また報告書は姉で経営を担ったメリー喜多川氏(故人)が遅くとも60年代前半には問題を把握しながら放置し、徹底的な隠蔽(いんぺい)を図ったと認定しました。
チーム座長の林真琴弁護士(前検事総長)が会見で再発防止策について説明。「事務所は組織として性加害を認め、真摯(しんし)に謝罪することが不可欠だ。速やかに被害者と対話を開始し、救済に乗り出すべきだ」と強調。具体的な防止策として▽被害回復のための補償をする救済措置制度の構築▽人権方針の策定と実施▽内部監査室の設置や内部通報制度の活性化―などを提言しています。

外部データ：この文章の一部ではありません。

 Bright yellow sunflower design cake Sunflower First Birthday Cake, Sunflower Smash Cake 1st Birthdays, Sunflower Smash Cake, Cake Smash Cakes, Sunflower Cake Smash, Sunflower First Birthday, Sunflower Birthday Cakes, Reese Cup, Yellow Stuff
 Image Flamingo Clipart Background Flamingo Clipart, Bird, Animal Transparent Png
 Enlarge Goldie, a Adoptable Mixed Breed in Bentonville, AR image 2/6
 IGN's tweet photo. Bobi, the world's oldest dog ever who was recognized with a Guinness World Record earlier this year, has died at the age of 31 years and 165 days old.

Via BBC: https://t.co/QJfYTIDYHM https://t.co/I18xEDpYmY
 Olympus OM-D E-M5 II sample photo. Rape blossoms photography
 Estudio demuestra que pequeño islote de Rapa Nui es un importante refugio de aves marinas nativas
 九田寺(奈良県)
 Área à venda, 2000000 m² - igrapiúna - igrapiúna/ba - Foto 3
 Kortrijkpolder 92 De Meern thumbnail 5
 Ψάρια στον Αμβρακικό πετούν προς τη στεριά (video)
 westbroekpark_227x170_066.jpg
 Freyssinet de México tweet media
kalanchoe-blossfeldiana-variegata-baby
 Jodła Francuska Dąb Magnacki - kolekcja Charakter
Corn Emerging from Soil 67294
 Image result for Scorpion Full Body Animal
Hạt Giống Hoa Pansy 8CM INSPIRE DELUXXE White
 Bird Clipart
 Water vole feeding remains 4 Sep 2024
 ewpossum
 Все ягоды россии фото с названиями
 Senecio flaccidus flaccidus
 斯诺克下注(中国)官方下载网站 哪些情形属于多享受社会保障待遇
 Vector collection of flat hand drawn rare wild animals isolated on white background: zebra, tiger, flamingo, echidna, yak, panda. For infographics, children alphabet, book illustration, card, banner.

被害拡大の背景として同族経営の弊害に言及し、事務所は加害の疑惑を認識しながら積極的な調査をせず被害を放置し隠蔽していたと指摘。「(現状の)経営のトップのままでは事務所の再出発は極めて困難である」とし、ジュリー氏の辞任を求めました。
質疑応答で林氏は被害拡大の背景に「メディアの沈黙が関係していると思われる」と強調。事務所とメディアとの相互監視、相互牽制(けんせい)により人権侵害の防止に努めるべきだと語りました。
調査では元Jr.など被害者23人と事務所関係者ら18人に聴取しました。